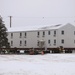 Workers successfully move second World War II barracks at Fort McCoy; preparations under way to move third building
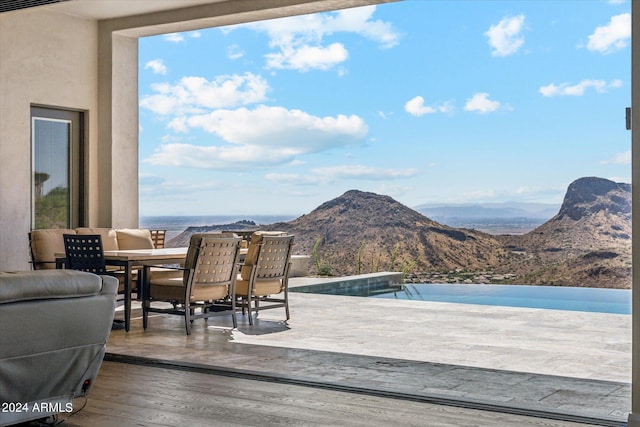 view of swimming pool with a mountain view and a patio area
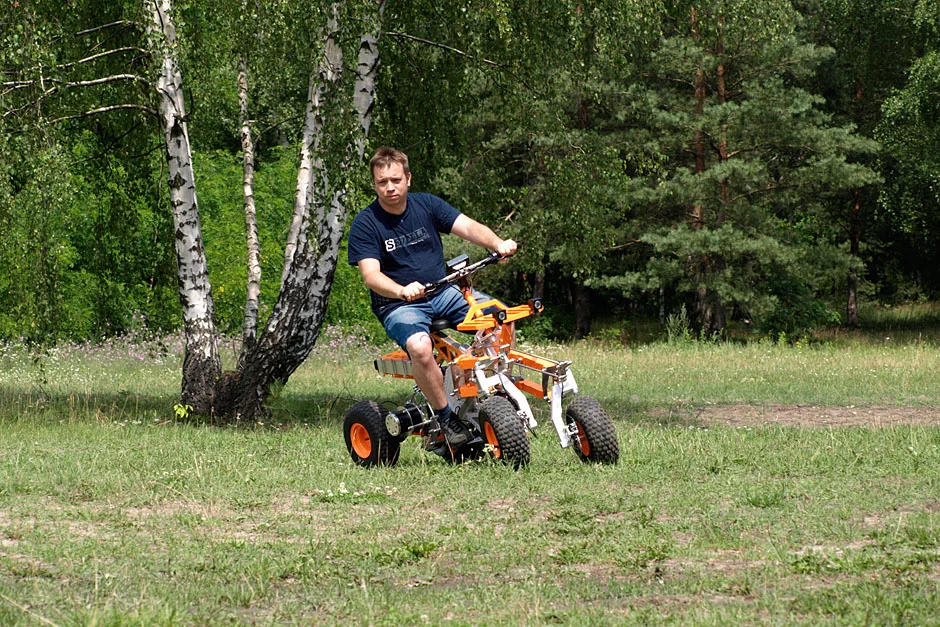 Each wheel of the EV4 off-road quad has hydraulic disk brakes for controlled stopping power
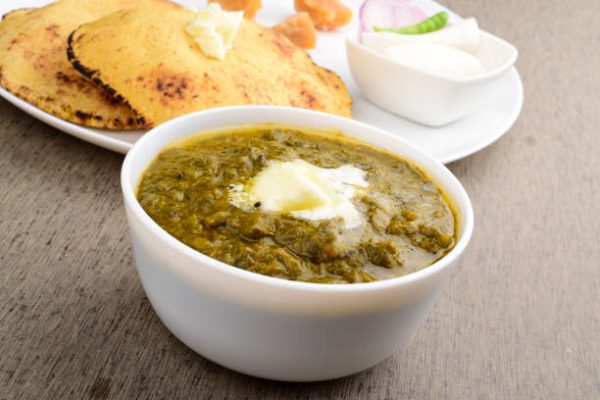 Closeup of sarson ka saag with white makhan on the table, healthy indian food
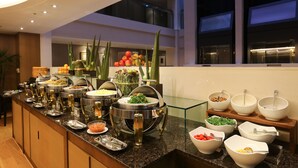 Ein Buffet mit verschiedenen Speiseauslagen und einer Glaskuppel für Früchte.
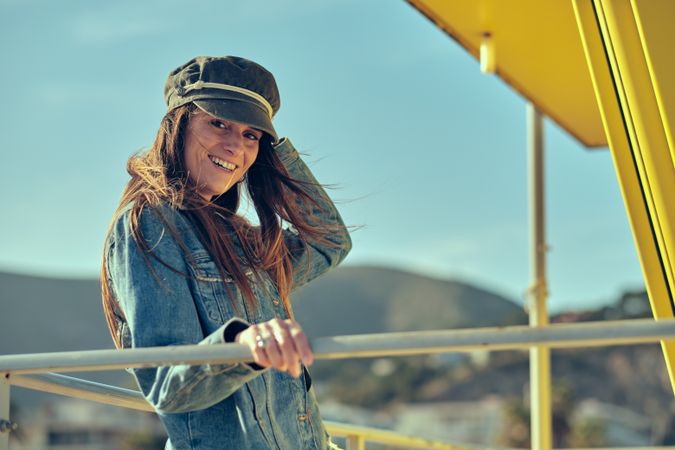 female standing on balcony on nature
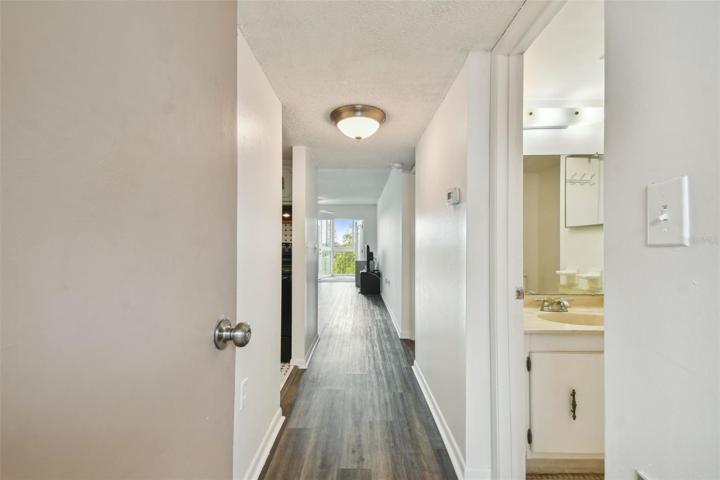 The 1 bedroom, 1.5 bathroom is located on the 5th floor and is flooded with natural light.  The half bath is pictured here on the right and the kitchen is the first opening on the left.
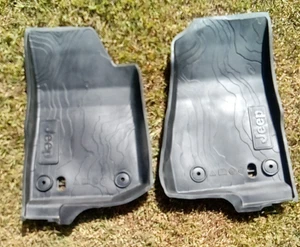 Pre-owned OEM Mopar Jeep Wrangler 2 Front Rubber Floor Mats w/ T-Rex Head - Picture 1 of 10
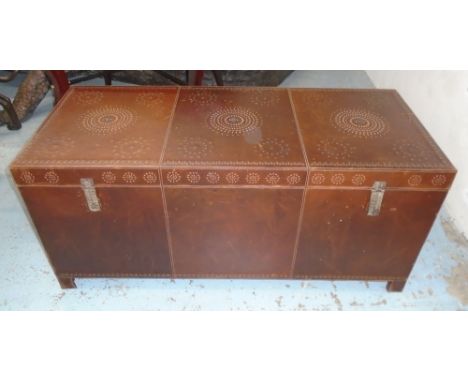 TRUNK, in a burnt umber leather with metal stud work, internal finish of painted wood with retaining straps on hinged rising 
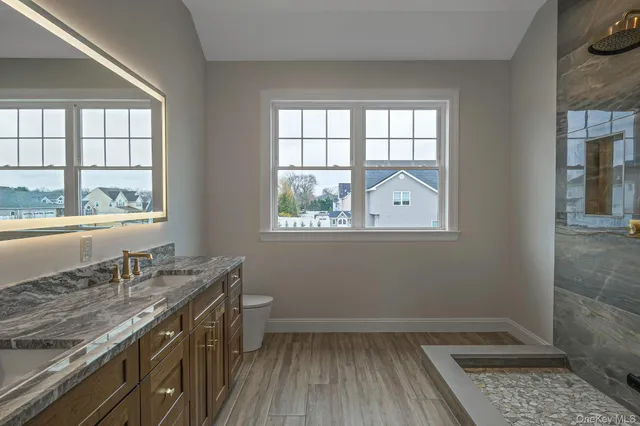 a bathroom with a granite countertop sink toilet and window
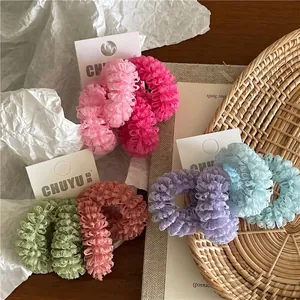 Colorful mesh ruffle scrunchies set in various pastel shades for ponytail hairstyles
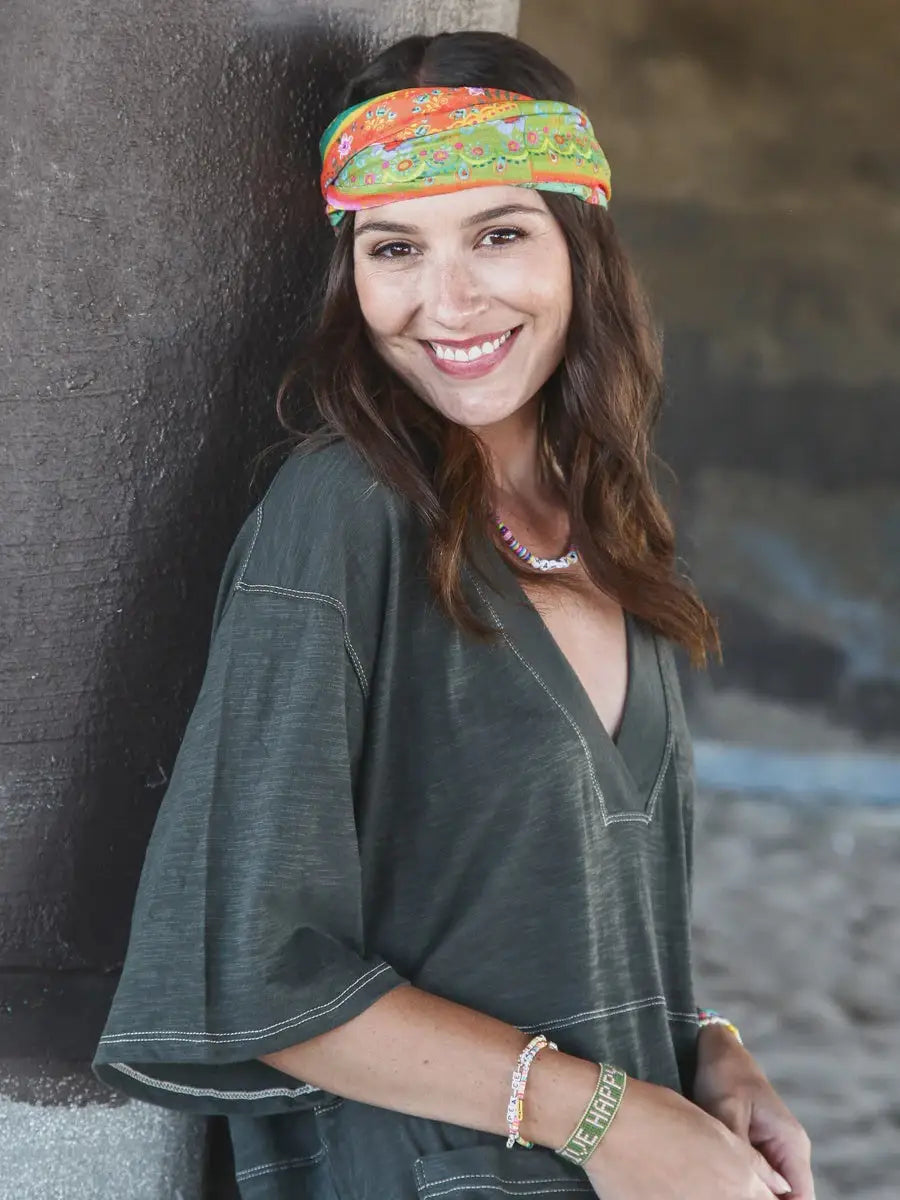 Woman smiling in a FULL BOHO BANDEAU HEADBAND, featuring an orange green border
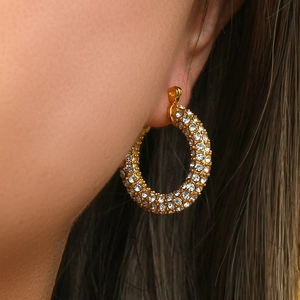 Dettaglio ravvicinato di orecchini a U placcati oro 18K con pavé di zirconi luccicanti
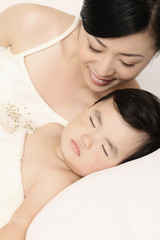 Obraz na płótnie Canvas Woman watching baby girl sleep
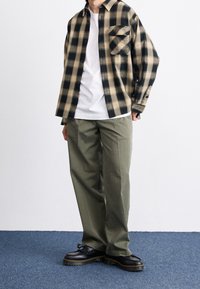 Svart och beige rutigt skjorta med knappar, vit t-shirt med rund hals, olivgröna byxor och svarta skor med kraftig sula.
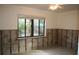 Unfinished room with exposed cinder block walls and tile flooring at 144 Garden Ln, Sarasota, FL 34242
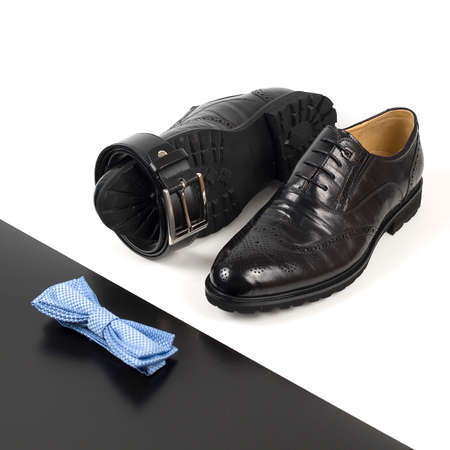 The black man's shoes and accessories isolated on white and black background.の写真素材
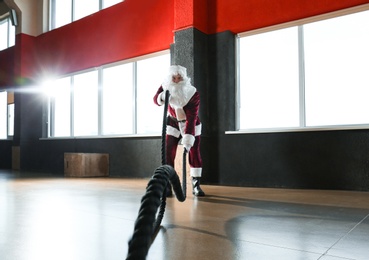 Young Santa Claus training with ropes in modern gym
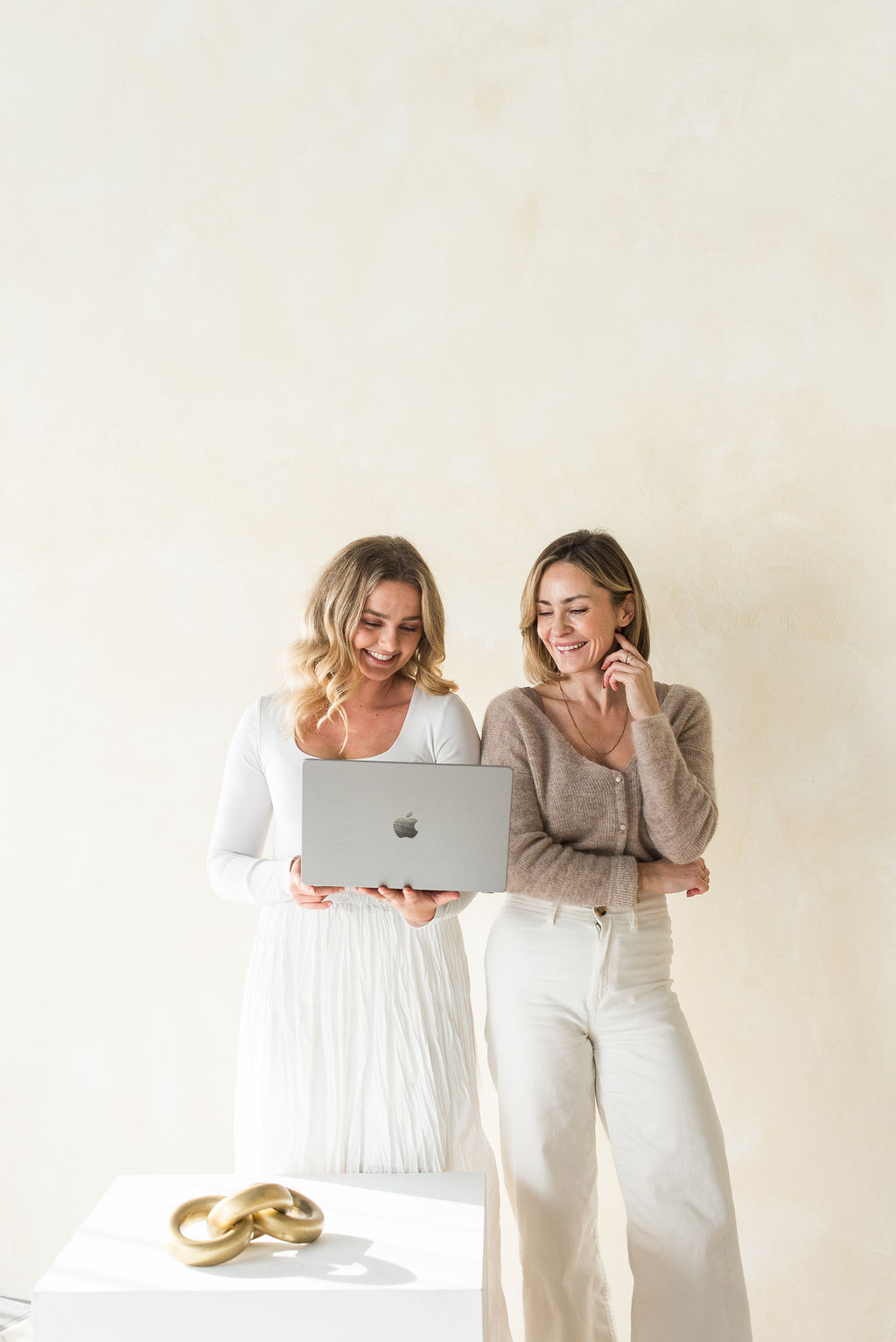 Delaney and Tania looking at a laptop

++++++++++++++++++++

Problem to work on => Reproduce word for word, with pictures dropped, only the part of the material above that opens with the line containing "female standing on balcony on nature" and closes with the line containing "The 1 bedroom, 1.5".

Exercise result =>
 female standing on balcony on nature
 The 1 bedroom, 1.5 bathroom is located on the 5th floor and is flooded with natural light.  The half bath is pictured here on the right and the kitchen is the first opening on the left.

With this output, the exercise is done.